----- DATASET

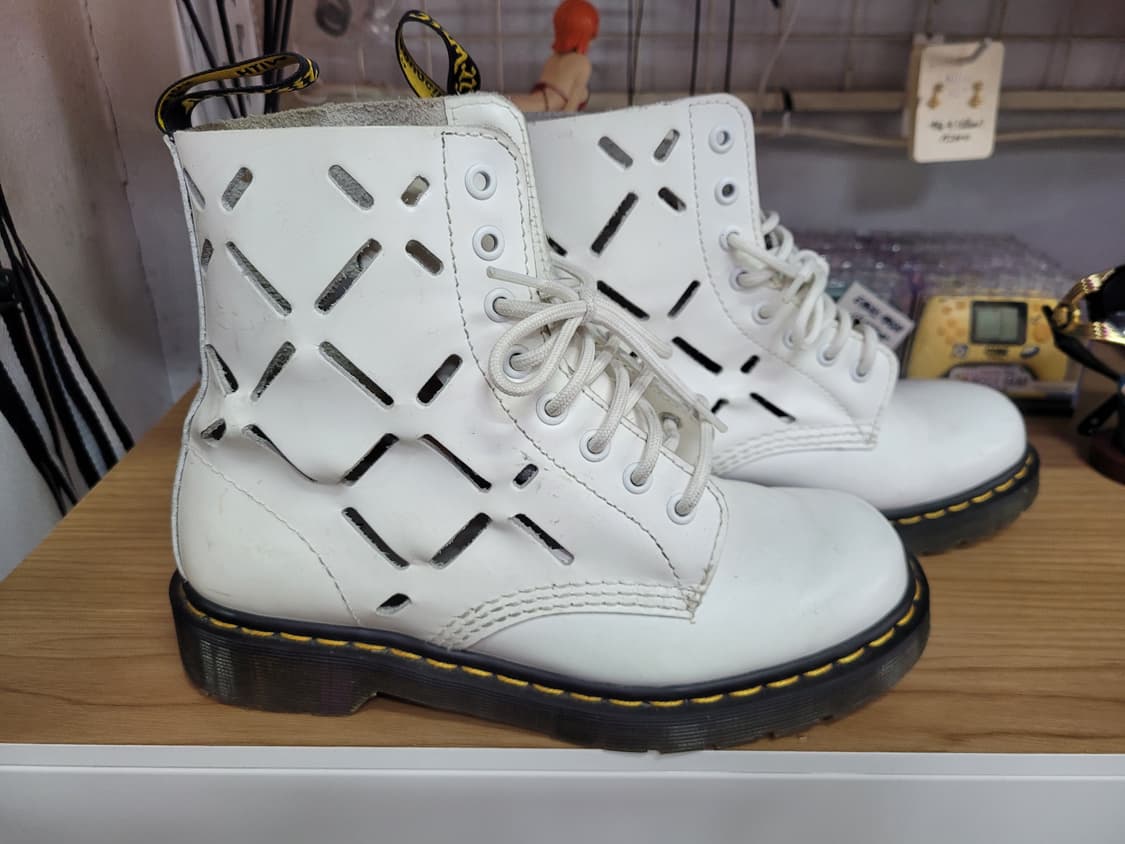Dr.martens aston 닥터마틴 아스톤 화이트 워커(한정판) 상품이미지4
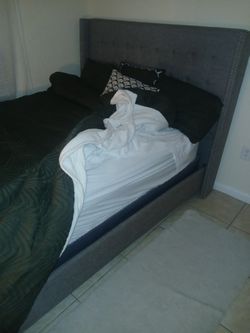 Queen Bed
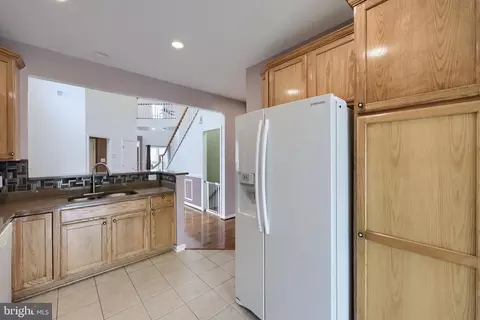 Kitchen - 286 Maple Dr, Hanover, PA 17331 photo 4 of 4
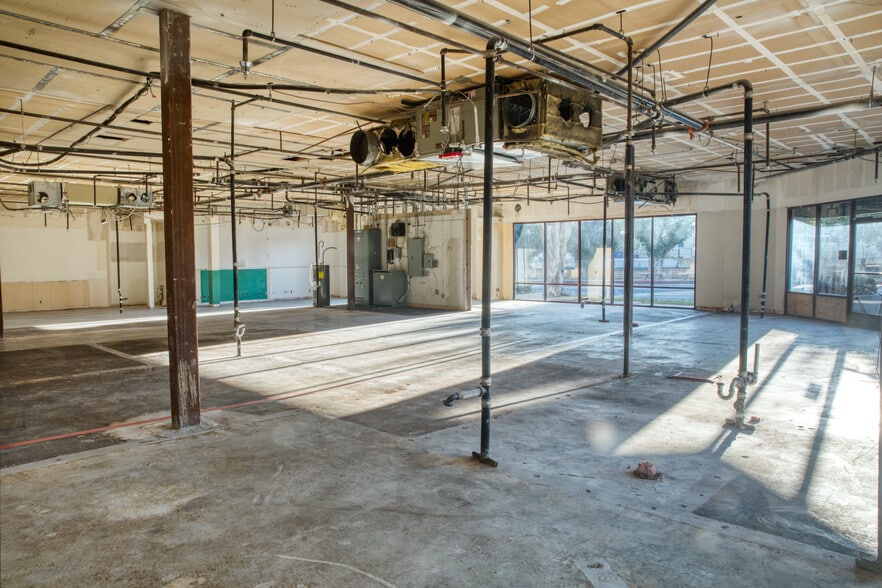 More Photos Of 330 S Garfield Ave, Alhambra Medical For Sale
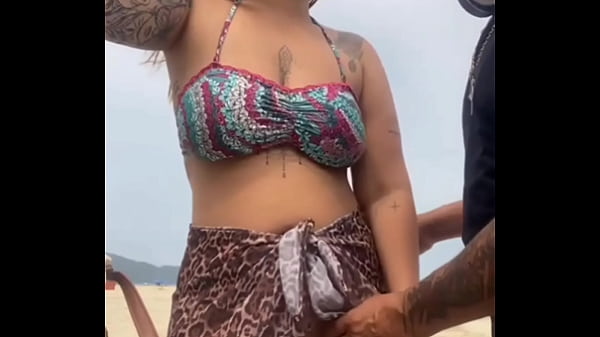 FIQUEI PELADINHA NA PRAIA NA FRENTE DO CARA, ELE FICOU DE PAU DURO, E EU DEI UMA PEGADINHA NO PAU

----------
----- DATASET

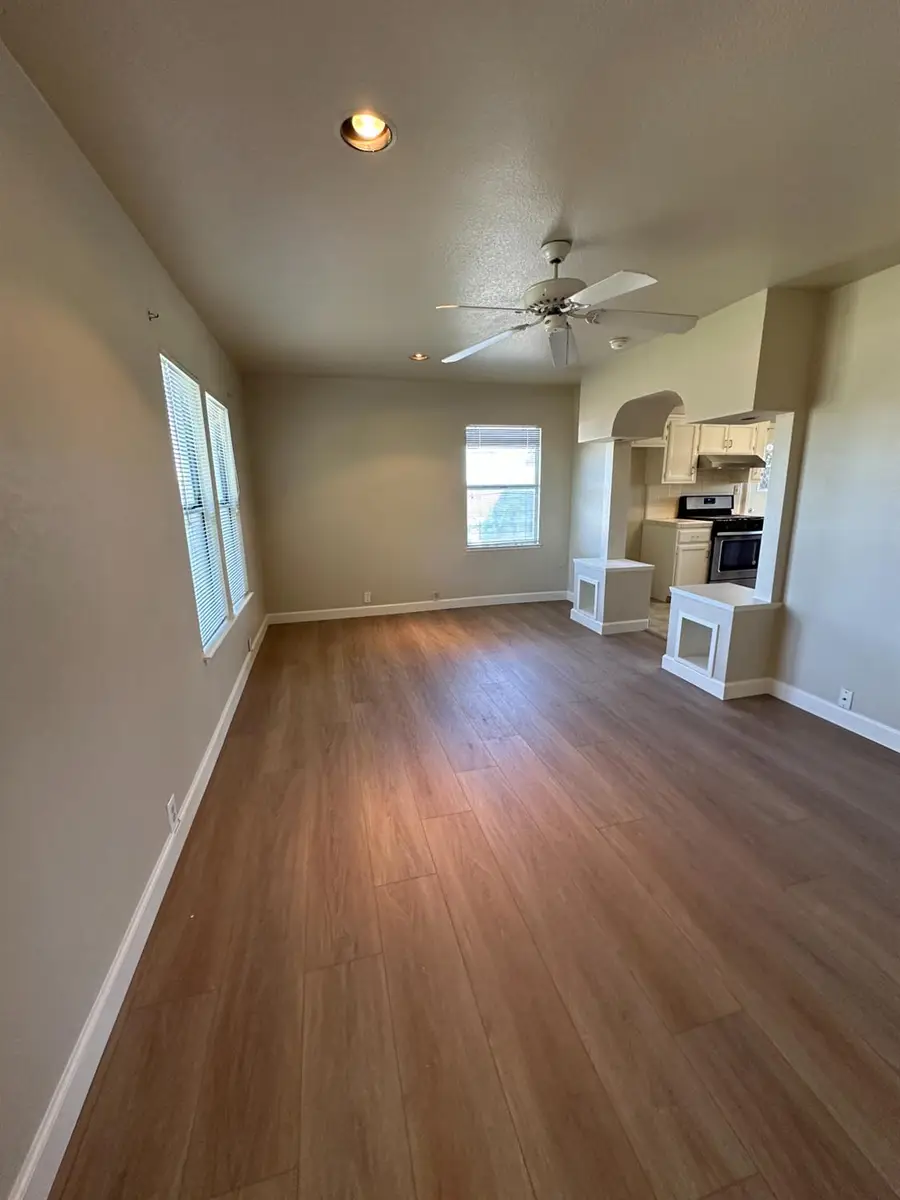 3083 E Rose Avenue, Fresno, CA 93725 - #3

----------
----- DATASET

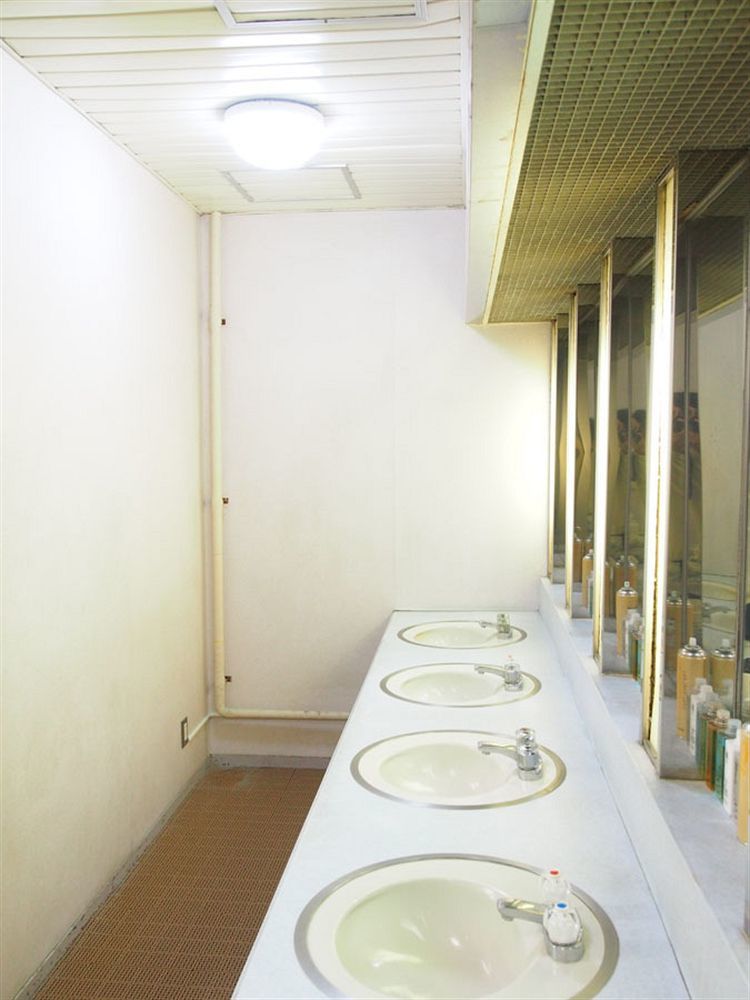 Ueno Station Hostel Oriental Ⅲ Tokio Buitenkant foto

----------

**ASSIGNED TASK**. Copy only this from above: the line containing "More Photos Of", the line containing "FIQUEI PELADINHA NA", and all lines between, printed exactly. Leave out the pictures.

**TASK ANSWER**.
 More Photos Of 330 S Garfield Ave, Alhambra Medical For Sale
 FIQUEI PELADINHA NA PRAIA NA FRENTE DO CARA, ELE FICOU DE PAU DURO, E EU DEI UMA PEGADINHA NO PAU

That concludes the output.